Quelque chose vient s'écraser sur ton front. Une goutte d'eau ? Tu ouvres les yeux, surpris, juste à temps pour voir les premières gouttes de pluie s'écraser dans le jardin. Et sur la maison du voisin. Sur ton hamac. En quelques secondes tu es trempé. Des nuages ont caché le soleil qui rendait ton jardin doré, tout tourne au gris, l'herbe jaune devient boueuse, les cigales ont arrêté de chanter. Le vent s'est levé, tu as froid, le carillon continue de sonner, quelques petites notes perçantes et lancinantes qui t'exaspèrent.

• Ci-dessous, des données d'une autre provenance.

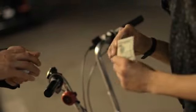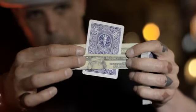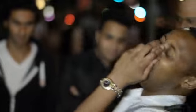Imagine if you could take the original melt and have a freely chosen card, but before the card melts through the bill, you could have the card signed. Not only that, but there's a visual moment where the card melts through the bill that looks like real magic. Now imagine when it's all done, if you give them the signed card back and their bill back at the exact same moment — you see a hole in the card.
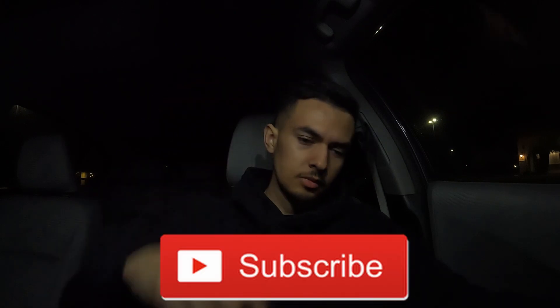I hope you guys enjoyed this video. If you're new here, subscribe down below and follow me on Instagram — I'm always posting on my story. That's been it, I'll see you guys in the next one.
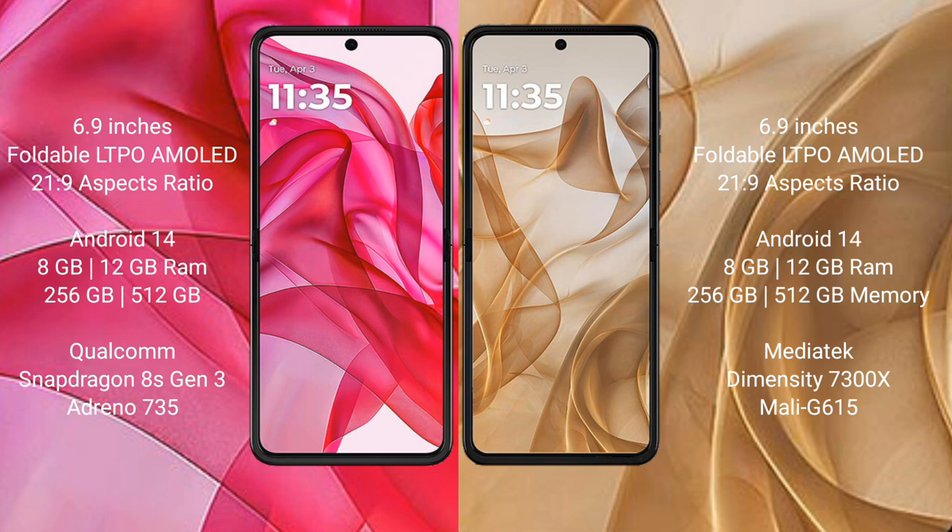Both the Motorola Razr 50 Ultra and the Motorola Razr 50 run on the Android 14 operating system.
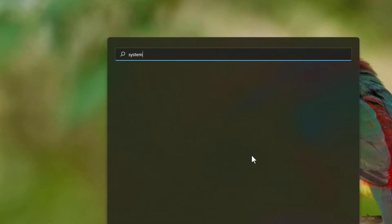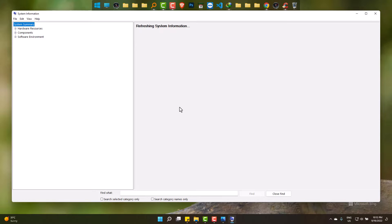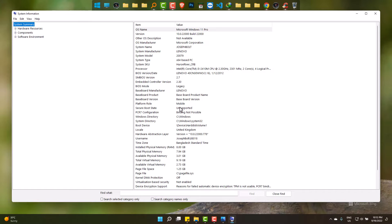Simply go to Start and type 'System Information'. Now find 'Secure Boot State'.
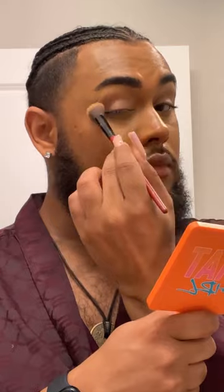First we're going to go in with some eyeshadow primer just to make sure everything is locked in and secure. For today's look, we're going to go in with a nice deep brown smoky eye, because you can't go wrong with that.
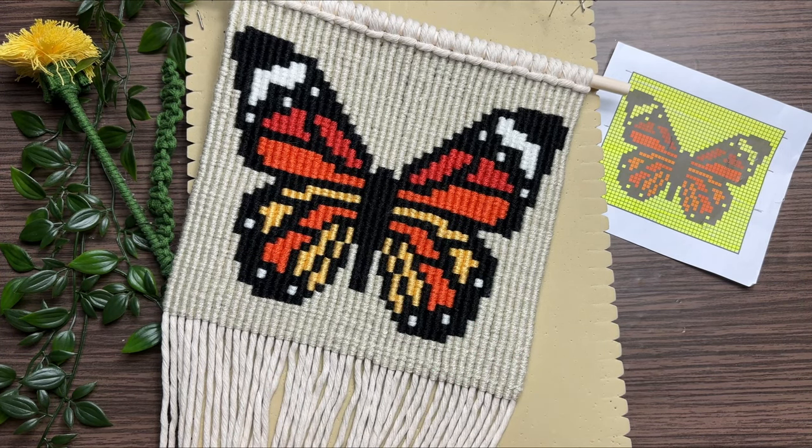If you want to learn how to professionally finish off the back of your wall hanging, I'll leave the link to that tutorial on the screen now. And if you've been eyeballing that dandelion that's been in the back of the video this whole time, I'll leave the link to that tutorial as well. See you next time!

Et ton voisin qui a ouvert sa fenêtre, qui te regarde de haut, avec ses yeux noirs. Sa sale face de rat présente de nombreuses similitudes avec le mauvais temps, tiens. Sa mauvaise humeur semble enfin être comblée, et c'est avec un petit sourire victorieux qu'il t'observe. Tu t'en fous. Il n'a rien gagné du tout.

samedi 12 avril 2008

Ils sont là

Il s'était enfoncé dans son fauteuil, le plus loin possible de la porte, mais de façon à pouvoir la surveiller. Il était aux environs de deux heures du matin, c'était le pire moment de la "journée". Le jour encore ça allait, mais la nuit ... Qui sait ce qui pouvait rôder dans l'ombre ? Et dans ce silence, le moindre craquement était suspect. Un peu plus tôt il avait dû supporter les pas du voisin du dessus qui "souffrait d'insomnie". Le pauvre petit ! "C'est le stress. Si tu savais comme mon travail est angoissant !". Il méprisait profondément son voisin du dessus. Pauvre abruti. Il n'avait aucune idée de ce qu'était le stress, l'angoisse, la peur, le sentiment d'insécurité. Au-dehors la sirène d'une ambulance résonnait. Un peu plus et on se serait cru dans une série américaine ...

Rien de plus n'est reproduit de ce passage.